**SUPPLIED MATERIAL**
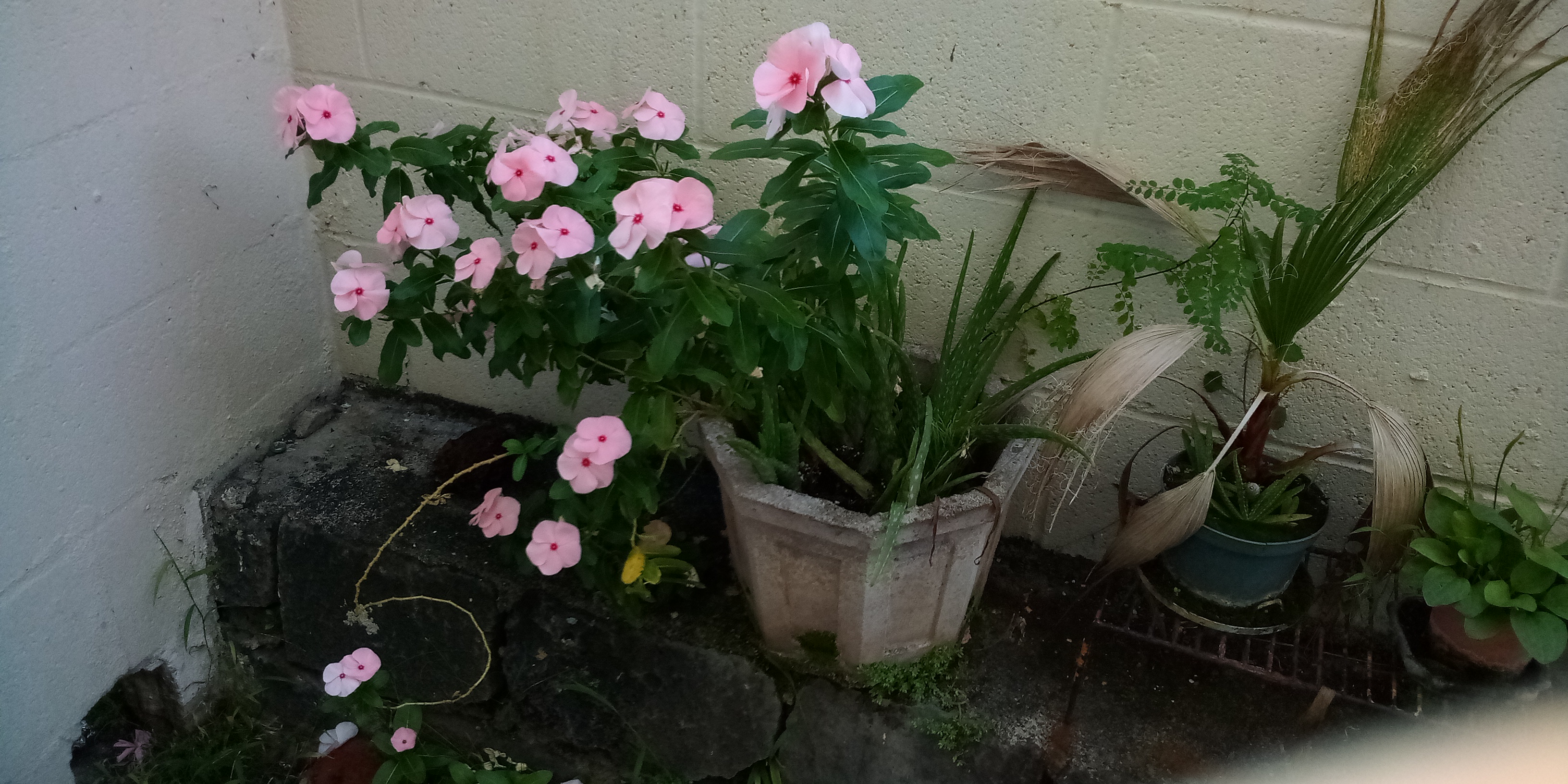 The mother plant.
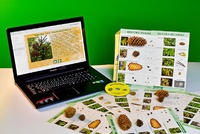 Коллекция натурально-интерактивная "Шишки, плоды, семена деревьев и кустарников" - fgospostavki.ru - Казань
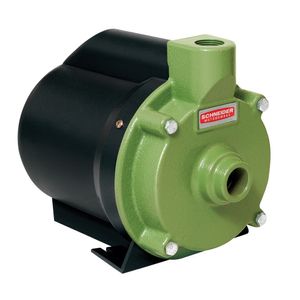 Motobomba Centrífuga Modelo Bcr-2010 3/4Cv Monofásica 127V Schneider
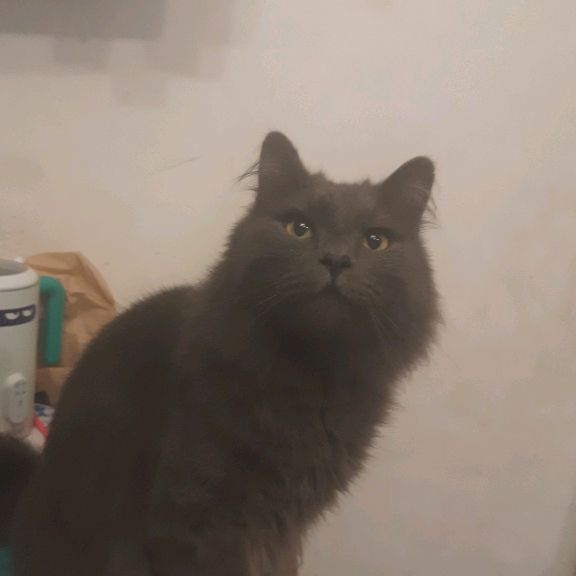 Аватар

**ASSIGNMENT**
Transcribe the listing in full and omit the pictures.

**RESPONSE TO THE TASK**
 The mother plant.
 Коллекция натурально-интерактивная "Шишки, плоды, семена деревьев и кустарников" - fgospostavki.ru - Казань
 Motobomba Centrífuga Modelo Bcr-2010 3/4Cv Monofásica 127V Schneider
 Аватар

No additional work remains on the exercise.